::: LISTED RECORDS

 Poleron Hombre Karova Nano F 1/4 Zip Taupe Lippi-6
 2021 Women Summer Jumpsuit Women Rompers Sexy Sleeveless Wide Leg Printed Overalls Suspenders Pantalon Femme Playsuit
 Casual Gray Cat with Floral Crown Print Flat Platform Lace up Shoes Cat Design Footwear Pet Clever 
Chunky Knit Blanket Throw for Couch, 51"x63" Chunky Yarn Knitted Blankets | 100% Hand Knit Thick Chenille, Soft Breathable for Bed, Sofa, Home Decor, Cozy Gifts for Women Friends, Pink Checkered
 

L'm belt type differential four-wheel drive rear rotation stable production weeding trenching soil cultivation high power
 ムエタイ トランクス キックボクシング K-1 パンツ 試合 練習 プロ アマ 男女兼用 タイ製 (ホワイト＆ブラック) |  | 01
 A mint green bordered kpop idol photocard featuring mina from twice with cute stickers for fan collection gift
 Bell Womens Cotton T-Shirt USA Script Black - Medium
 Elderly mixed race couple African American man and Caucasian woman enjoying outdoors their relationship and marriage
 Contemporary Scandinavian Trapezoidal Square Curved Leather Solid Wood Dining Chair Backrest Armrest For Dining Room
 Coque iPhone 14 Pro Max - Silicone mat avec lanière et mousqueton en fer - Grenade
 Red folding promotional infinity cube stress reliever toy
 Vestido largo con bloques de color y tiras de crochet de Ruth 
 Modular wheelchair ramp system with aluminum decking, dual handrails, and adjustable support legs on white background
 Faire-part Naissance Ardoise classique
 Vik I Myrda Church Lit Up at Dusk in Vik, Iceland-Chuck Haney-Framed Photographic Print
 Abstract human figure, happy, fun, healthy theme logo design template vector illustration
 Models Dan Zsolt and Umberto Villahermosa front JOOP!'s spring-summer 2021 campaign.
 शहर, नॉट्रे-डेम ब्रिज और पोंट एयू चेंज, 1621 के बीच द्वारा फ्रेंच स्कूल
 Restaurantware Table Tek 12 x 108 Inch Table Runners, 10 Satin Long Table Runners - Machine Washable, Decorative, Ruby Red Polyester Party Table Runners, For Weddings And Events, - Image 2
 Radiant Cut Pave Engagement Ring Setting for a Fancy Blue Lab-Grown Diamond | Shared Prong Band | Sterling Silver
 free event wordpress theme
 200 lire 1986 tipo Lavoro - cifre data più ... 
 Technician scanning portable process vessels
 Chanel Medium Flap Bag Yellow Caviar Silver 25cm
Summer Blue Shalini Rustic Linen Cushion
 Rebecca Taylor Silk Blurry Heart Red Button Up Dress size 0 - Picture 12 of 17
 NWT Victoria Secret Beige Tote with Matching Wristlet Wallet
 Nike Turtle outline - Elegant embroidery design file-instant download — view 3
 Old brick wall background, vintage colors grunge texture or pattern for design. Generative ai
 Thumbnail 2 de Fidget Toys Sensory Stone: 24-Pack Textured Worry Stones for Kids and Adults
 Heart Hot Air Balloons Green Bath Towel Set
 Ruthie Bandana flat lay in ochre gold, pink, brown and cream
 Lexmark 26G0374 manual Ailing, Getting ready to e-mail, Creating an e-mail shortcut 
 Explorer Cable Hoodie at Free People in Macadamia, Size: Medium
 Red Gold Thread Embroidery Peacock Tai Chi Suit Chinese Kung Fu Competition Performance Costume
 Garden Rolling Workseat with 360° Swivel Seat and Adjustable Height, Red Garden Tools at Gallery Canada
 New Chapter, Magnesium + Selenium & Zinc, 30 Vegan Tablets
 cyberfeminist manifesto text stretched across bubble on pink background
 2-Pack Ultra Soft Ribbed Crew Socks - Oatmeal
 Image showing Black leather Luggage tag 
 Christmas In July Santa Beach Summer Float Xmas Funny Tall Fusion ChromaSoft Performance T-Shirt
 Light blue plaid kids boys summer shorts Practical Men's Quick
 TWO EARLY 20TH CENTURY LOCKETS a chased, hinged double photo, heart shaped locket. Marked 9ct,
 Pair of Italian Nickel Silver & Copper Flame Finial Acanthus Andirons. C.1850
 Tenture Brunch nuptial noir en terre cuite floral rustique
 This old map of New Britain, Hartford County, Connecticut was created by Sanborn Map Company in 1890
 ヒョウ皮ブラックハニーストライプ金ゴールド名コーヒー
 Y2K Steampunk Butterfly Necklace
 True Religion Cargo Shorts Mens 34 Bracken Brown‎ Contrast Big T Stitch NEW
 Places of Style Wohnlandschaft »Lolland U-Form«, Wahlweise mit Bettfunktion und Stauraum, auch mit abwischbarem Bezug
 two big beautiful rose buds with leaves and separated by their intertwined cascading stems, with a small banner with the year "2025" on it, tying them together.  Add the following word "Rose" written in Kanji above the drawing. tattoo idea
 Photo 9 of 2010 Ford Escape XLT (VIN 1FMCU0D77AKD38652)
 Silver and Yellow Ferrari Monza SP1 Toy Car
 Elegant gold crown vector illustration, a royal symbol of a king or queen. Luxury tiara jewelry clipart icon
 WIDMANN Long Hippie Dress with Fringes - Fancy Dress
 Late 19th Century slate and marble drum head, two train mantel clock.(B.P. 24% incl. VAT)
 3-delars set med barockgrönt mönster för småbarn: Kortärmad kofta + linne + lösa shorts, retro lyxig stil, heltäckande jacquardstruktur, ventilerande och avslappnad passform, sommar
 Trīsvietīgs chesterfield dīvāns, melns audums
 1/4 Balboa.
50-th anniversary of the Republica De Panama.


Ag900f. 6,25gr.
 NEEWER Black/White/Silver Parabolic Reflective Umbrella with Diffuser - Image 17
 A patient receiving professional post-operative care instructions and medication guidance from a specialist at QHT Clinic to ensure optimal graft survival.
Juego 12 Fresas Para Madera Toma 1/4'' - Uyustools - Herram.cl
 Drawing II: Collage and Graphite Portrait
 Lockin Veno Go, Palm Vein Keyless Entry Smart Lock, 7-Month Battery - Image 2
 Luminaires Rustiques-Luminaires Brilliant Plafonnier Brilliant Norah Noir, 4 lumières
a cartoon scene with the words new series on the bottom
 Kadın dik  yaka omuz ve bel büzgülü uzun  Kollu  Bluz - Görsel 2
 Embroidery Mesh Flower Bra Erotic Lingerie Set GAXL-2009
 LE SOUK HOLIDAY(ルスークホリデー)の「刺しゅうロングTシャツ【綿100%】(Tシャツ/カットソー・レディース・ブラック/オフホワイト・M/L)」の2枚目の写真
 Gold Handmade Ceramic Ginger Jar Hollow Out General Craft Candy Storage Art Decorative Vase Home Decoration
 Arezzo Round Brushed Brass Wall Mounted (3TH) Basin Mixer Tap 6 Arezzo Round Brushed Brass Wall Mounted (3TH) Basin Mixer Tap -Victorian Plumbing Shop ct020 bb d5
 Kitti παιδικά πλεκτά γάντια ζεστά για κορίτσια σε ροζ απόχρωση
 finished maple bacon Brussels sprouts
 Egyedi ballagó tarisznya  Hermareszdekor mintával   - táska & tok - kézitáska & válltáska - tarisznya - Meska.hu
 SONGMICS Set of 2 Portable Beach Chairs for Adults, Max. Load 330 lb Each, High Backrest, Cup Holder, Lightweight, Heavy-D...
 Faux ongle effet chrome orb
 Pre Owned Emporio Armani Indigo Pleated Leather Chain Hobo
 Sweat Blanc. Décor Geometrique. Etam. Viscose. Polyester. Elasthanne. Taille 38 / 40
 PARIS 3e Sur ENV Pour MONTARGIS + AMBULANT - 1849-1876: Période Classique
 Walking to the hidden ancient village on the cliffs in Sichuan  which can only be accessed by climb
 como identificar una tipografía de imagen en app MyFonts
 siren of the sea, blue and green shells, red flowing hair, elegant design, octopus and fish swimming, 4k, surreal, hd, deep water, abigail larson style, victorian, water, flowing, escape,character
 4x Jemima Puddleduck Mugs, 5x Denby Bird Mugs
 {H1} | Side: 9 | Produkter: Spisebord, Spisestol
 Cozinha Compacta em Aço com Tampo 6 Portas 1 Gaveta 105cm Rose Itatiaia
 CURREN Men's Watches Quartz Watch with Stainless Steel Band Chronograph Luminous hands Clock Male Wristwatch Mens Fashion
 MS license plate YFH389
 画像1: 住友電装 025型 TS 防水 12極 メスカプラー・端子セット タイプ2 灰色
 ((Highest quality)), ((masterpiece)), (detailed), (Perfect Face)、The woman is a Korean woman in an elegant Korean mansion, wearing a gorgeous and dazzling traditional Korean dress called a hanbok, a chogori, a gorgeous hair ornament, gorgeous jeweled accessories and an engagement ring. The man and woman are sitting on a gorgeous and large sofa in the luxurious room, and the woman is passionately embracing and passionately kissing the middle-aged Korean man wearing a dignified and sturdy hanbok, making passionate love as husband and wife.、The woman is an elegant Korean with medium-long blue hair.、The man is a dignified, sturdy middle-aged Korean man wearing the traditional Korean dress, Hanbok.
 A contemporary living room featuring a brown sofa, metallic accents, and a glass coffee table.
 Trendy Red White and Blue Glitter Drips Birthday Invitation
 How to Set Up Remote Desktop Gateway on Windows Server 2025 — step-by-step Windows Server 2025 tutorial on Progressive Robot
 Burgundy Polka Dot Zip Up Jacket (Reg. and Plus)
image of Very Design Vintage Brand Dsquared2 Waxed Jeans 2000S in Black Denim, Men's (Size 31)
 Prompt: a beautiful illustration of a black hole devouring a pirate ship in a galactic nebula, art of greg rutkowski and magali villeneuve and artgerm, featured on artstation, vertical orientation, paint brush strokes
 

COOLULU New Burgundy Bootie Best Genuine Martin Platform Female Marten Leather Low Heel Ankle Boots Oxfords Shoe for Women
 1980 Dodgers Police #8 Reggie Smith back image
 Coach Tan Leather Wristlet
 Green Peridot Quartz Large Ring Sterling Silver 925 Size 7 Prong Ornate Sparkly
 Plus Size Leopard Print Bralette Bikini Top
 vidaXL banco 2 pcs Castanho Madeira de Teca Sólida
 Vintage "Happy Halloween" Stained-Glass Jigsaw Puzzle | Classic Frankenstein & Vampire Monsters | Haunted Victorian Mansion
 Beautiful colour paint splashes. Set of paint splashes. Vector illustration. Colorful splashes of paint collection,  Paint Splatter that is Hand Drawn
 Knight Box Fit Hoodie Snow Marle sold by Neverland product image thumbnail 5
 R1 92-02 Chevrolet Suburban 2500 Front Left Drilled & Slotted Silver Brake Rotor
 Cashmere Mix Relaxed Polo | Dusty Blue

::::::

EXERCISE BRIEF -> Return every line in the records that includes the string "Plus".

COMPLETED TASK ->
 Burgundy Polka Dot Zip Up Jacket (Reg. and Plus)
 Plus Size Leopard Print Bralette Bikini Top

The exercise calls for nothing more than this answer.